Kristen - Aug 03, 2006 2:27:27 pm PDT #461 of 10001

What is 98 degrees minus Nick Lachey?

-101 degrees.


Strega - Aug 03, 2006 2:28:45 pm PDT #462 of 10001

Is there any breakdown of that more than half by specific faith/sect

I can probably dig up something on that tomorrow if nobody's turned up anything before then. I'm home now, so I don't have access to the Polling Database Of Dooooom.

I could certainly see myself picking "literally true" in a survey, if there wasn't another description that better fit my beliefs, and yet I'm far from a biblical literalist on a lot of issues

If I remember right the options were, the Bible is the word of god and everything in it is literally true, word for word; or, the Bible is the word of god but not everything in it should be taken literally. Plus don't know, refused, & other. And then the ABC poll had the "literally true, meaning it happened that way word-for-word; or meant as a lesson, but not to be taken literally?" distinction. Would you have picked the first choice in both of those?

I can try to dig up some documentation to confirm this, but in ongoing surveys like this they typically do debriefings to make sure the questions are being understood as intended.
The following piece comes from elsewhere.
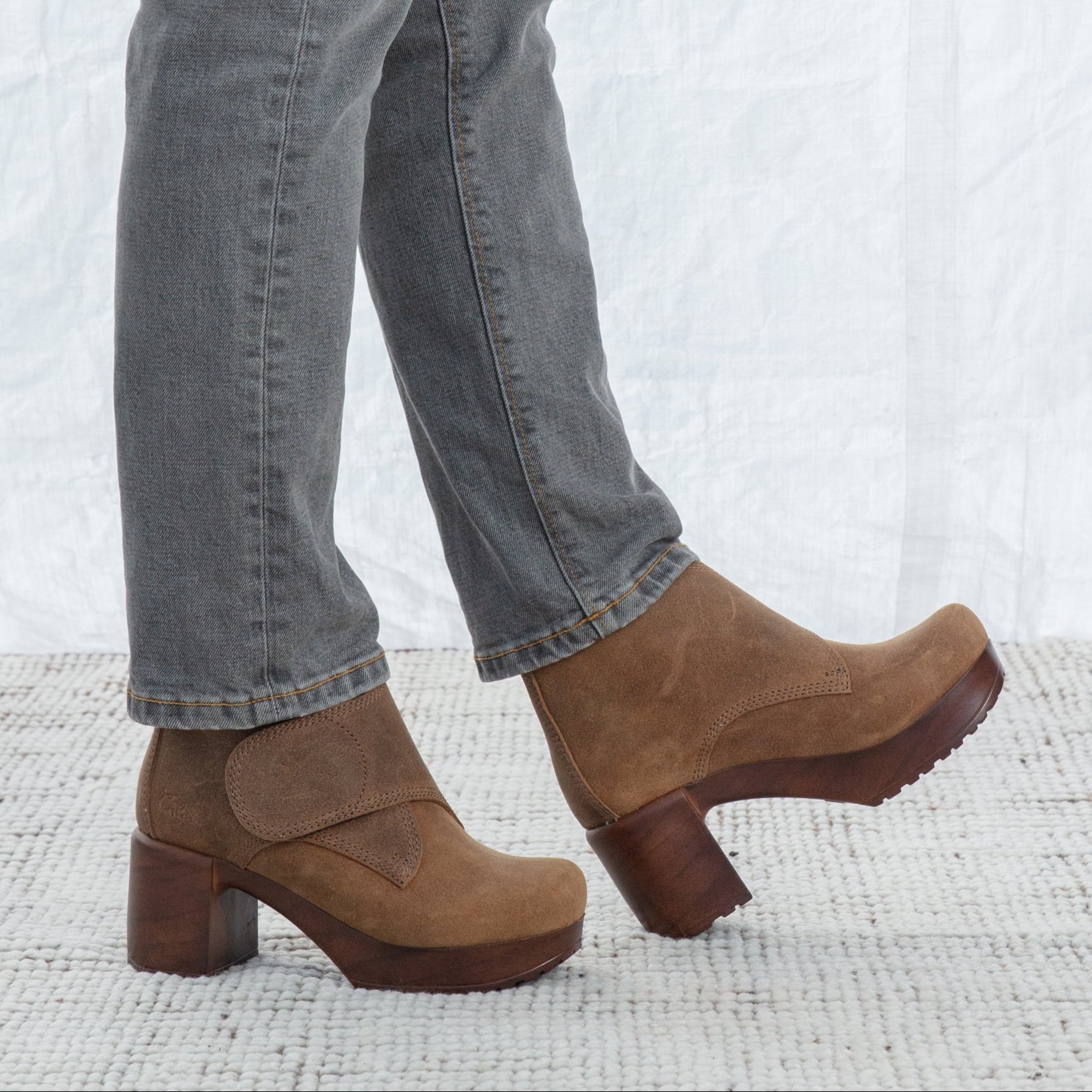Camel clogs worn with gray jeans on a textured white surface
That "literally, word for word" phrasing turned up in a lot of polls by different organizations, which makes me think it's been vetted. And that "word for word" was added to make it very clear what "literal" meant.

I think what Strega is getting at is that the questions were very specific; even when questioned about specific events like the time for creation of the earth and the age of the planet, respondents still claimed they believed in the literal truth.
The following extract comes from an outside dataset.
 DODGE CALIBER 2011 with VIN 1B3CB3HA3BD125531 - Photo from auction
Well, partly. My point is that when you ask "is the entire Bible literally true?" you get 30-40%. When you ask "is this one part of the Bible literally true?" you get 60-70% -- which makes sense, because it's gonna be all the people who think every part is literally true, plus a subset of people who don't. If the numbers went down when you were specific, or even stayed about the same, I'd find it easier to believe that people misunderstood the first question.


Aims - Aug 03, 2006 2:29:06 pm PDT #463 of 10001
Shit's all sorts of different now.

Damn. I never get those Jeopardy questions right.